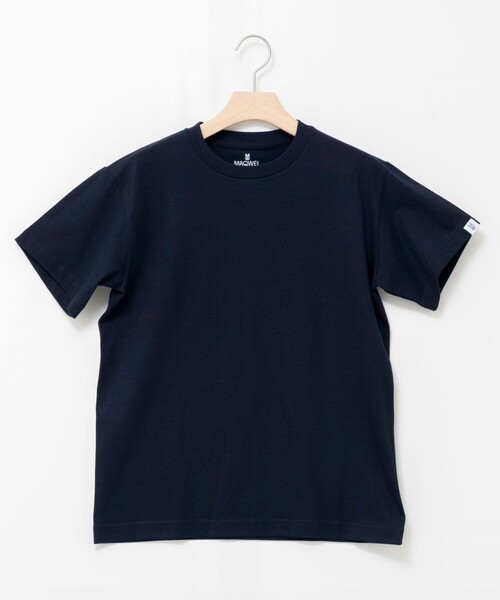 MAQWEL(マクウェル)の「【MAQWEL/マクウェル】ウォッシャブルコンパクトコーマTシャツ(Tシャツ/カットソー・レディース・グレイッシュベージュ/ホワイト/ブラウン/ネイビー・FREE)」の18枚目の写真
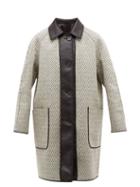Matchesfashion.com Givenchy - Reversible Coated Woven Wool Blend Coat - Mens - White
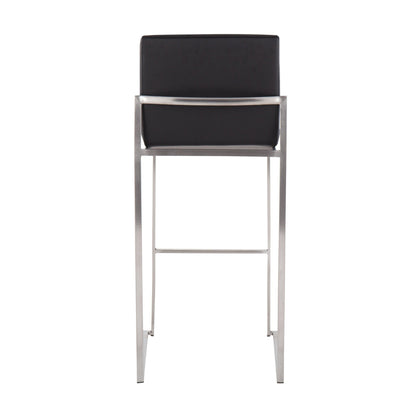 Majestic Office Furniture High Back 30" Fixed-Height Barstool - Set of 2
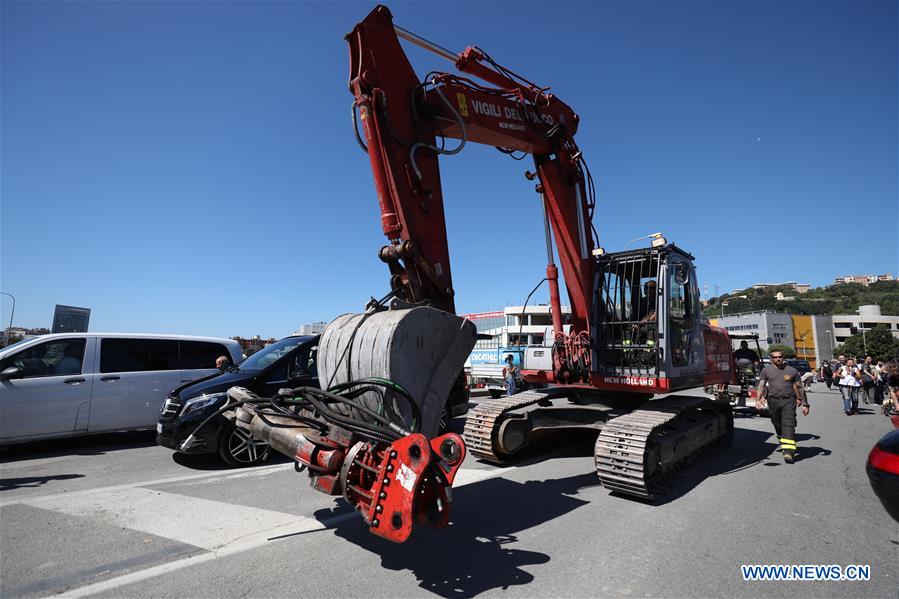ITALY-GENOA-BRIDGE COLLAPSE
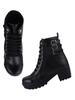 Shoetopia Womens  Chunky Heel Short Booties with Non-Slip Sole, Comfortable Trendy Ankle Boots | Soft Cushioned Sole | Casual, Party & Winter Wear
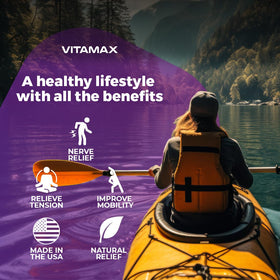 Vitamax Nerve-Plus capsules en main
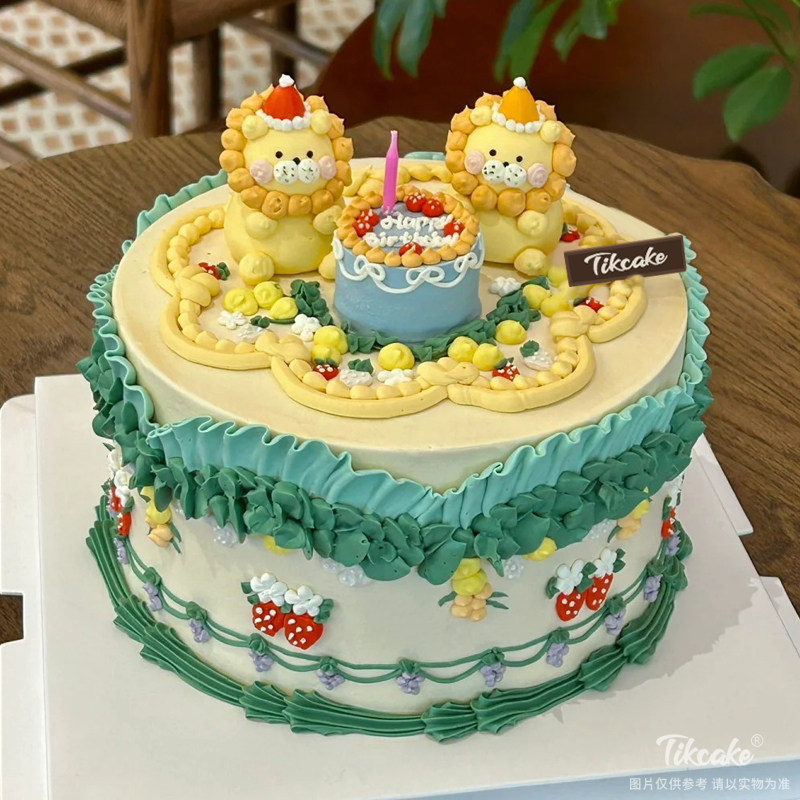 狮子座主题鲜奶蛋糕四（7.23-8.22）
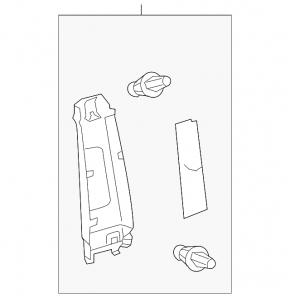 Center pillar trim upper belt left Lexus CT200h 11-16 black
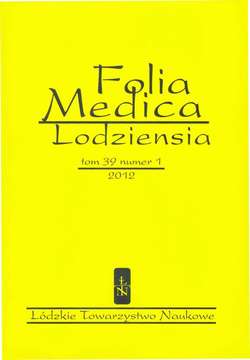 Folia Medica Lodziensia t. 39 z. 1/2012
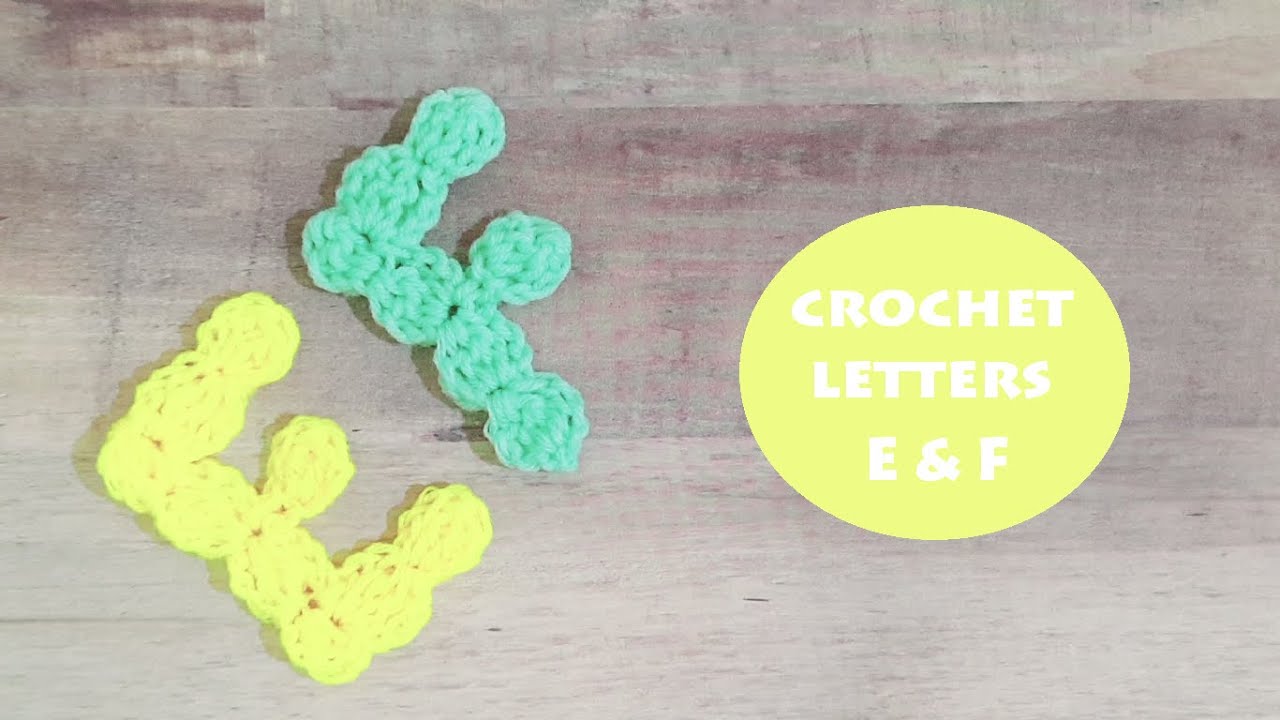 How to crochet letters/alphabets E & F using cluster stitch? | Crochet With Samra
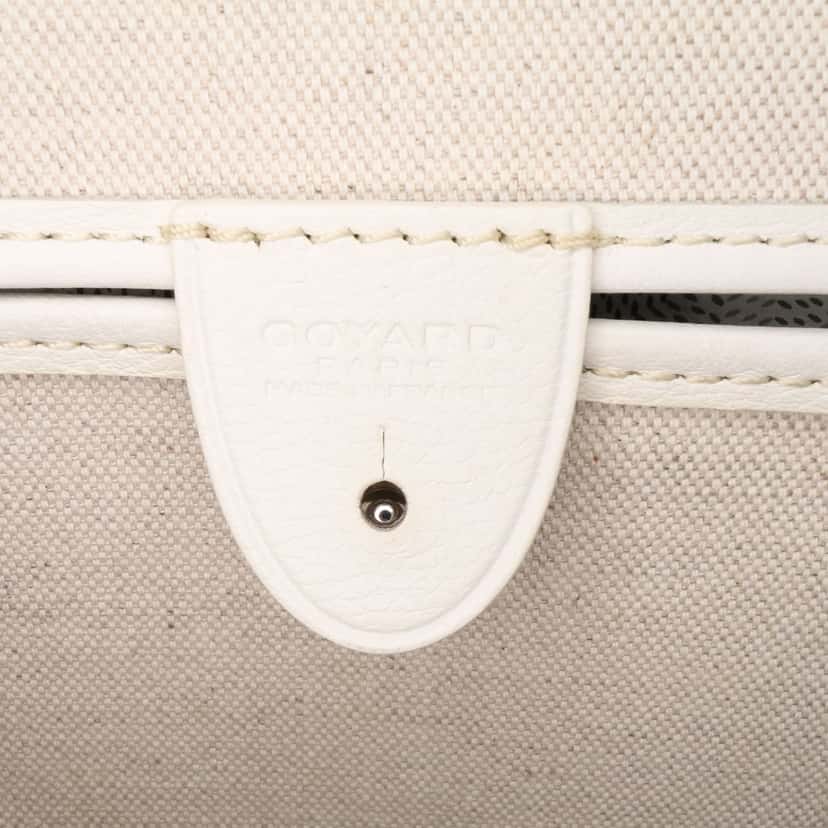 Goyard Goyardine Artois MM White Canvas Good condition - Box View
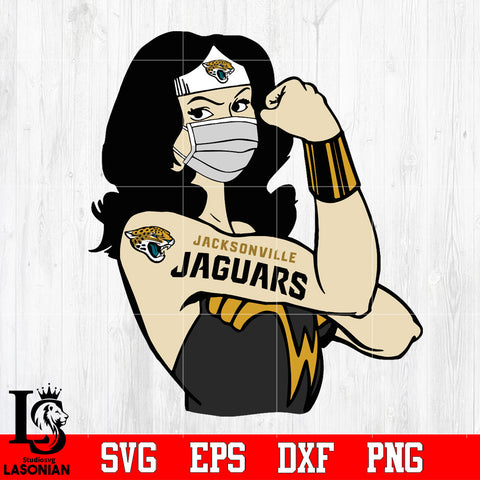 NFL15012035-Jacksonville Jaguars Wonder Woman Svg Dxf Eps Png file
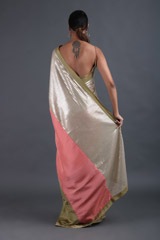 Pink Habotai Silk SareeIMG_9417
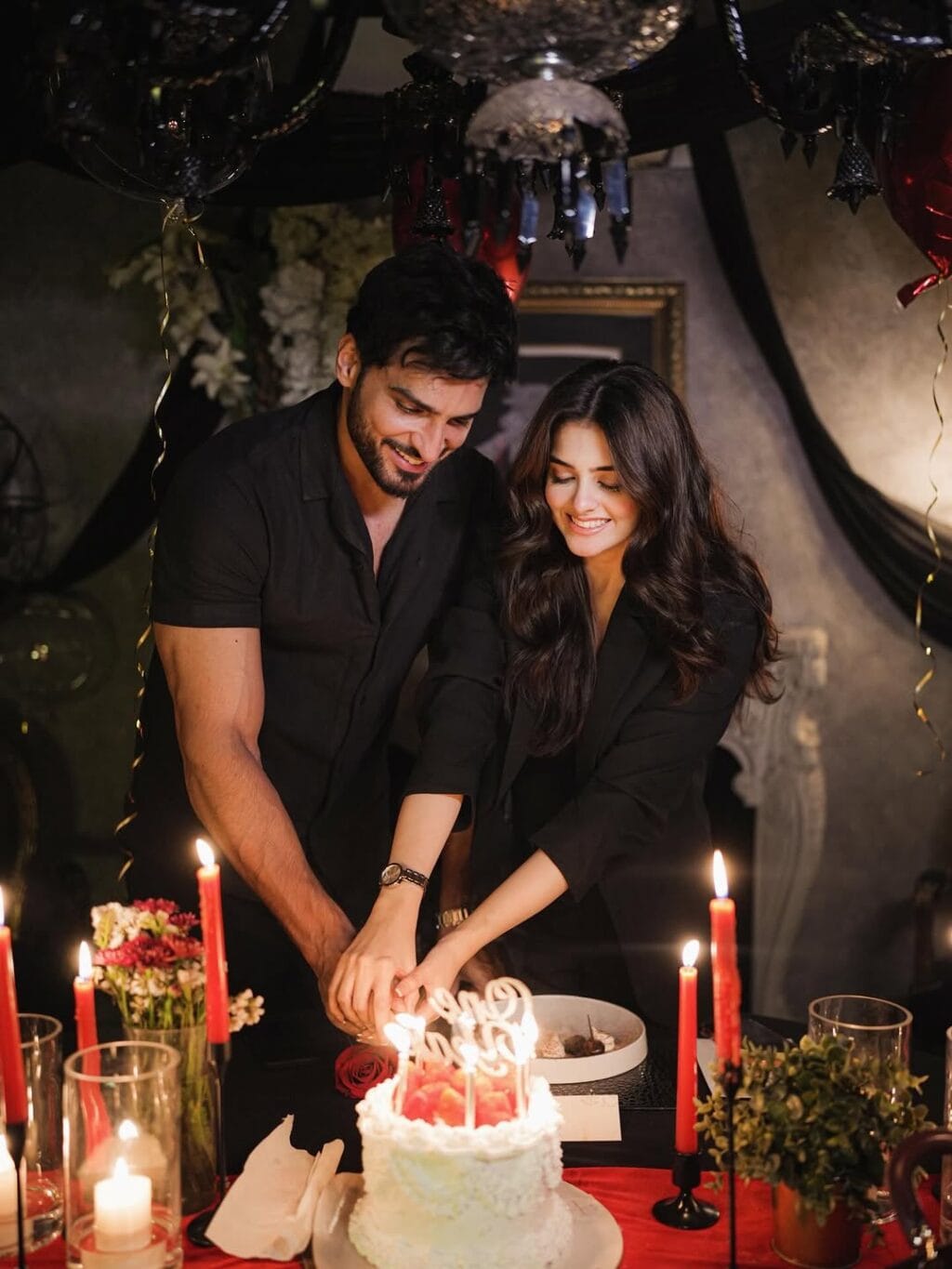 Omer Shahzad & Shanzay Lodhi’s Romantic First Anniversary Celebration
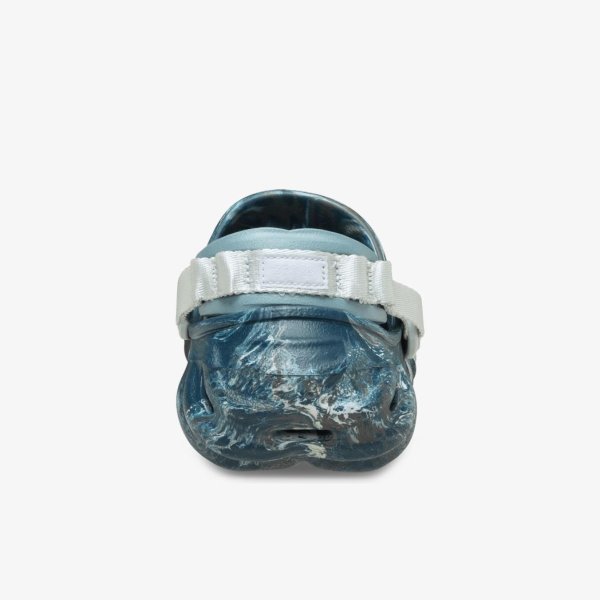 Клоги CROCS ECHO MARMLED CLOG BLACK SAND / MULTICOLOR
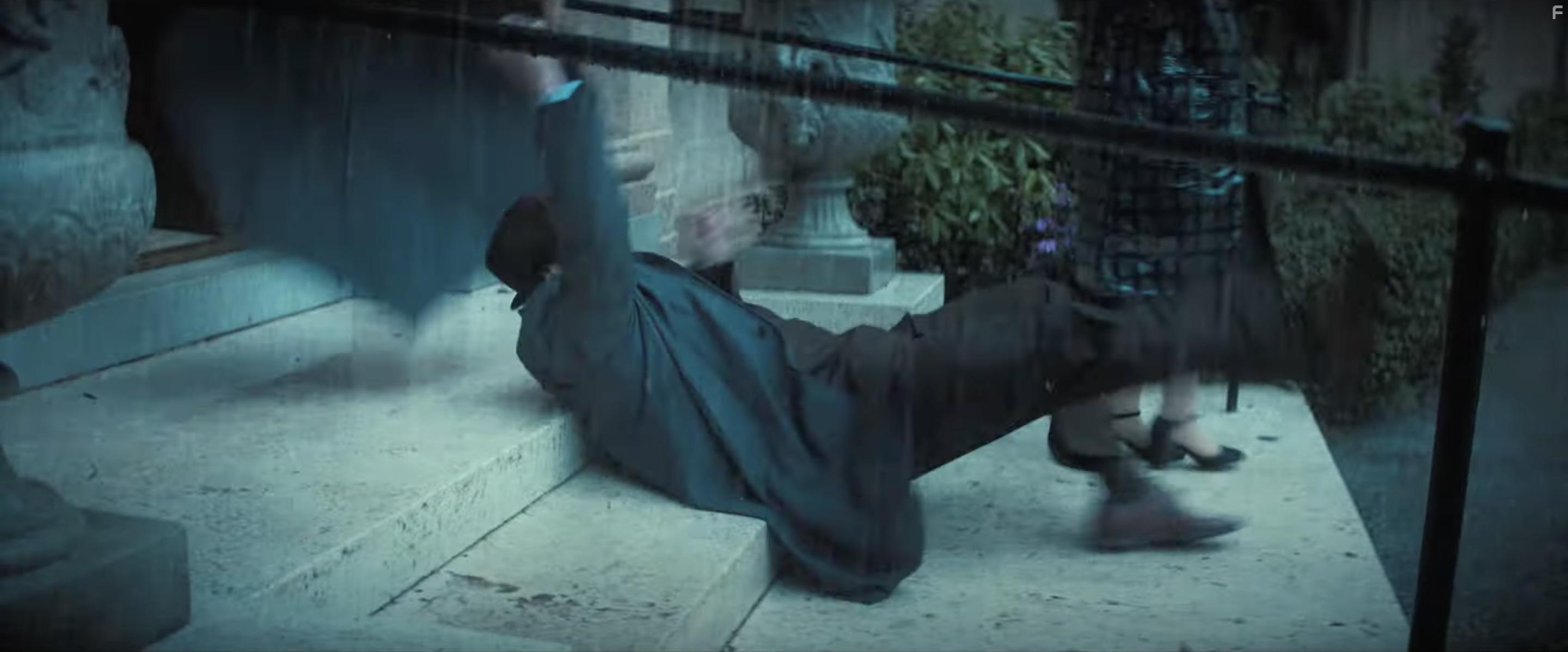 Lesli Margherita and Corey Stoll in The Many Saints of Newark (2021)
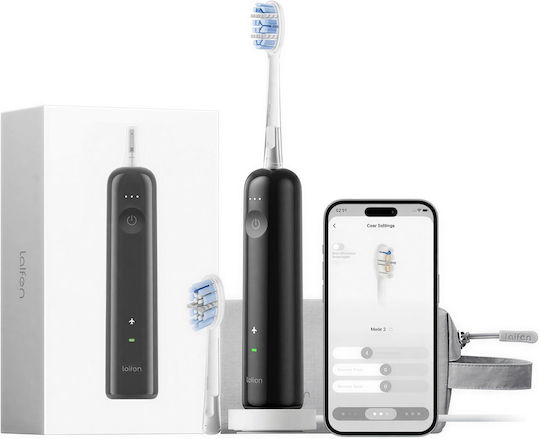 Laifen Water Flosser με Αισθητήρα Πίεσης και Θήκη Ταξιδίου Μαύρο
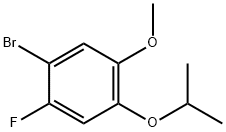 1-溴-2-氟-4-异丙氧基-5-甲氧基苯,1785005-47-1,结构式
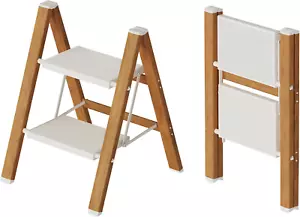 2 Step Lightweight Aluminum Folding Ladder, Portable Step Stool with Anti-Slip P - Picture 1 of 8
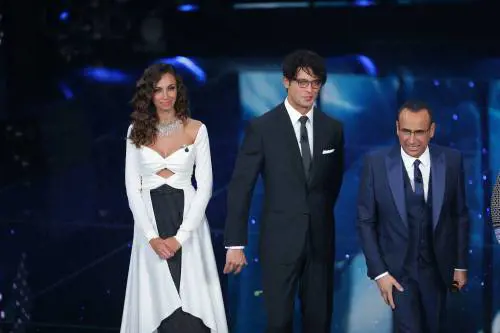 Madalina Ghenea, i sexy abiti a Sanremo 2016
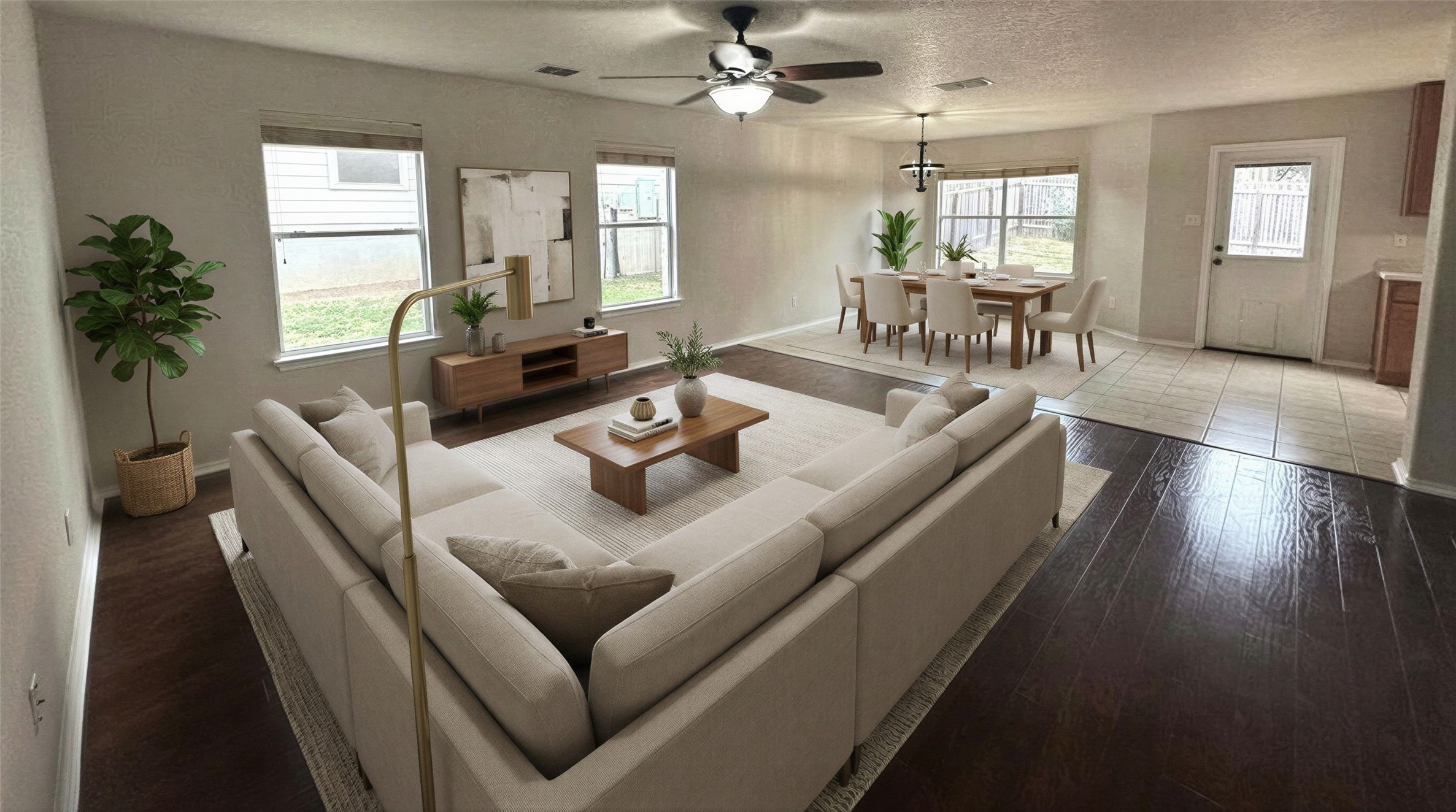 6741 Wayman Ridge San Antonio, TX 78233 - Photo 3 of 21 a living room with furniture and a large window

===============

→ Work to complete
Everything in the listing above, apart from its pictures, must be repeated exactly.

→ Solution
 MAQWEL(マクウェル)の「【MAQWEL/マクウェル】ウォッシャブルコンパクトコーマTシャツ(Tシャツ/カットソー・レディース・グレイッシュベージュ/ホワイト/ブラウン/ネイビー・FREE)」の18枚目の写真
Matchesfashion.com Givenchy - Reversible Coated Woven Wool Blend Coat - Mens - White
 Majestic Office Furniture High Back 30" Fixed-Height Barstool - Set of 2
ITALY-GENOA-BRIDGE COLLAPSE
 Shoetopia Womens  Chunky Heel Short Booties with Non-Slip Sole, Comfortable Trendy Ankle Boots | Soft Cushioned Sole | Casual, Party & Winter Wear
 Vitamax Nerve-Plus capsules en main
 狮子座主题鲜奶蛋糕四（7.23-8.22）
 Center pillar trim upper belt left Lexus CT200h 11-16 black
 Folia Medica Lodziensia t. 39 z. 1/2012
 How to crochet letters/alphabets E & F using cluster stitch? | Crochet With Samra
 Goyard Goyardine Artois MM White Canvas Good condition - Box View
 NFL15012035-Jacksonville Jaguars Wonder Woman Svg Dxf Eps Png file
 Pink Habotai Silk SareeIMG_9417
 Omer Shahzad & Shanzay Lodhi’s Romantic First Anniversary Celebration
 Клоги CROCS ECHO MARMLED CLOG BLACK SAND / MULTICOLOR
 Lesli Margherita and Corey Stoll in The Many Saints of Newark (2021)
 Laifen Water Flosser με Αισθητήρα Πίεσης και Θήκη Ταξιδίου Μαύρο
 1-溴-2-氟-4-异丙氧基-5-甲氧基苯,1785005-47-1,结构式
 2 Step Lightweight Aluminum Folding Ladder, Portable Step Stool with Anti-Slip P - Picture 1 of 8
 Madalina Ghenea, i sexy abiti a Sanremo 2016
 6741 Wayman Ridge San Antonio, TX 78233 - Photo 3 of 21 a living room with furniture and a large window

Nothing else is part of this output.